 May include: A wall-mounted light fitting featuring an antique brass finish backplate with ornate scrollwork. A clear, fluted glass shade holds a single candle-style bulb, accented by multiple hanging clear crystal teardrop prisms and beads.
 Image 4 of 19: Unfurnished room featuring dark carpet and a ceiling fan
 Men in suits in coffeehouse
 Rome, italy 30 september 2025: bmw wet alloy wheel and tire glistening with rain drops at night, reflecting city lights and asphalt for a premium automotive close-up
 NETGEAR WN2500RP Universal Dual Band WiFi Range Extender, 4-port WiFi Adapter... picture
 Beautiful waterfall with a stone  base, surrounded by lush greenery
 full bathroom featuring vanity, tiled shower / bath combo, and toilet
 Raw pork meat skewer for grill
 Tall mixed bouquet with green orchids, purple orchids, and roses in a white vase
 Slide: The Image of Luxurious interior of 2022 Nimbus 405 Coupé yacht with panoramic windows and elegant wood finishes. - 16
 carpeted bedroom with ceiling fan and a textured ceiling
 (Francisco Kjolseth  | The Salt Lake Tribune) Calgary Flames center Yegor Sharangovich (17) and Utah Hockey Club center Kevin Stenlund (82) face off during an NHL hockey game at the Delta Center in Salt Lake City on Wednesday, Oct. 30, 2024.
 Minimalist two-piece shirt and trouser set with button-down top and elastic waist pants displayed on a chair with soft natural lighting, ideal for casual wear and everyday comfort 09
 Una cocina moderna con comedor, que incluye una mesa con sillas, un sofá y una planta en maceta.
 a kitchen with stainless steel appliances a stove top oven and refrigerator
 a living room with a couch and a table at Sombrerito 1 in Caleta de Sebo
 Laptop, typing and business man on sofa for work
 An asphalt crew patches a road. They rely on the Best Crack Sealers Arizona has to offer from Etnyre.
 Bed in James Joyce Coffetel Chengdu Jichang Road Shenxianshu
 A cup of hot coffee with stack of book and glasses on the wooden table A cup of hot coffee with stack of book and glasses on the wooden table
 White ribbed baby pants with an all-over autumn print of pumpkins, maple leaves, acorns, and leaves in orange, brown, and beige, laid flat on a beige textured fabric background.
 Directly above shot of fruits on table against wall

☆ ☆ ☆

Task prompt: Everything from the line containing "Bed in James" through the final line of the entries is to be written out exactly. No other lines belong in the answer.

Exercise output:
 Bed in James Joyce Coffetel Chengdu Jichang Road Shenxianshu
 A cup of hot coffee with stack of book and glasses on the wooden table A cup of hot coffee with stack of book and glasses on the wooden table
 White ribbed baby pants with an all-over autumn print of pumpkins, maple leaves, acorns, and leaves in orange, brown, and beige, laid flat on a beige textured fabric background.
 Directly above shot of fruits on table against wall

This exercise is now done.